In der Nachkriegszeit gab es in der Schleistadt keine bedeutende Industrie, sondern lediglich einige kleinere produzierende Betriebe wie z.B. die Firma ESWIG, die in den alten Baracken in der Königstraße Ultraschallgeräte herstellte oder die Haarhutfabrik in einem Gebäude hinter Schloß Gottorf.
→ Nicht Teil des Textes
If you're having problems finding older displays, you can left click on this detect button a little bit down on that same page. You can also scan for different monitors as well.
Der erste solidere Betrieb war die Kartoffelverwertungsgesellschaft Cordes und Stoltenburg. Hauptaktionär dieser Gesellschaft zur Herstellung von Industrie-Alkohol war der Hamburger Industrielle Konsul Cordes.
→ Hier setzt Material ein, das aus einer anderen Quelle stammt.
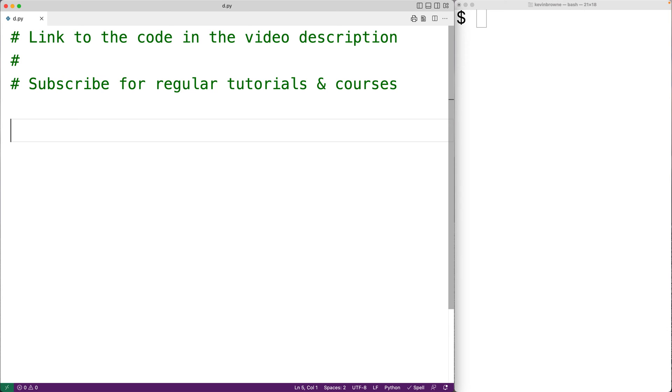If the first character of the string is a lowercase letter, that letter will be turned into an uppercase letter in the new string. Any remaining letters in the string will be turned into lowercase letters.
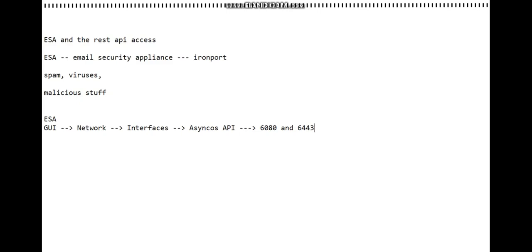These ports are by default. You can use any of the ports you want, but 6080 and 6443 are default ports. So I'm just going to write it here.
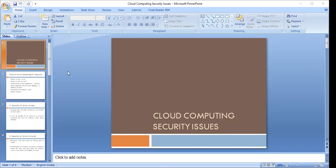Today's topic of discussion is cloud computing security issues. We are all well versed with what cloud computing is and its architecture. All the cloud computing services and delivery models provide us with enhanced collaboration, agility, scalability, availability, high accessibility, and the potential for cost reduction — optimized and efficient computing.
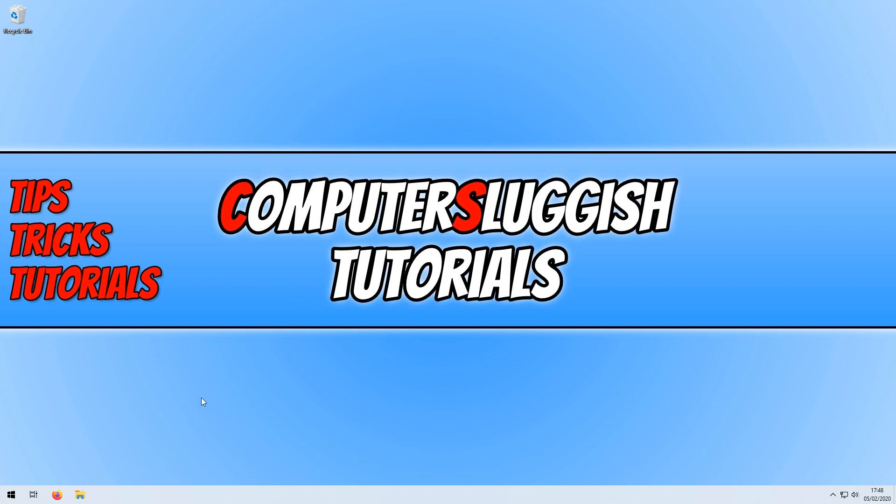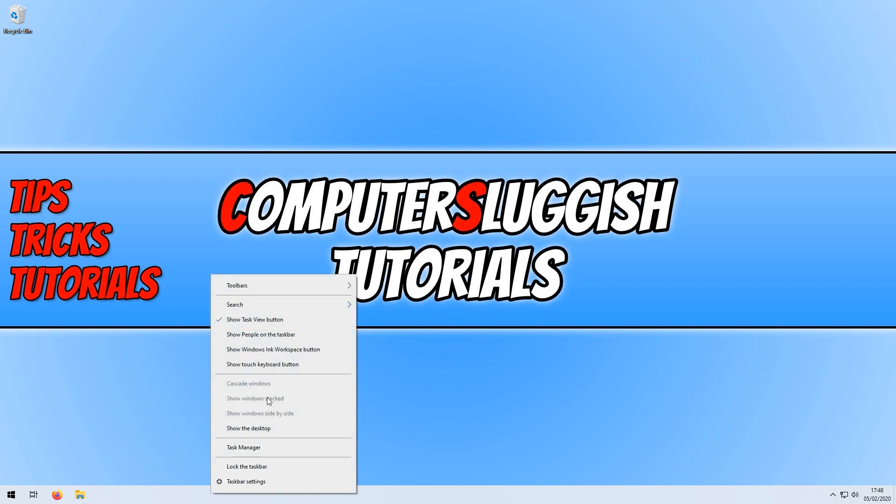As you can see, I currently only have the Windows icon, but if we want to bring the search box back or if you want to hide the search box, then all you need to do is right click on your taskbar and then go up to search and you now have three options.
Am 11.August 1949 nahm der Hauptausschuss davon Kenntnis, dass die Herren Klinker aus Uelsby und Stoltenburg die Stadt informiert hatten, dass sie von der Landeskrankenhaus 5 Hektar Land an der Straße nach Kappeln für den Bau einer Spritfabrik erwerben möchten. Das LKH wollte als Gegenleistung ein Gelände auf der Westseite der Straße haben, das bis dahin der Stadt Schleswig gehörte. Diese Grundstücksangelegenheit wurde jedoch schnell geregelt.

Mit der Herstellung der Fundamente wurde am 15.März 1950 begonnen, bereits am 18.September 1950 wurde die Anlage in Betrieb genommen. Die Fabrik bestand ursprünglich aus diesen Bereichen: Brennerei mit dem Turm, Malz- und Alkoholkeller, Kesselhaus, Gär- und Schlempebehälter.

Die Malzanlage für das Getreide befand sich im Keller, darüber wurden der große Getreidelagerraum sowie Büro- und Sozialräume eingerichtet. An die Mälzerei gliederte sich das Brennereigebäude an, für die Hauptkolonne (Destillationsapparate) war der Bau eines Turmes notwendig. An die Brennerei war der Gärbehälter angeschlossen, dieser bestand aus neun einzelnen Zellen mit einem Grundriss von 3m * 3m bei einer Höhe von 4m. Neben dem Gärbehälter befand sich der Schlempebehälter als Verlängerung des Gebäudes.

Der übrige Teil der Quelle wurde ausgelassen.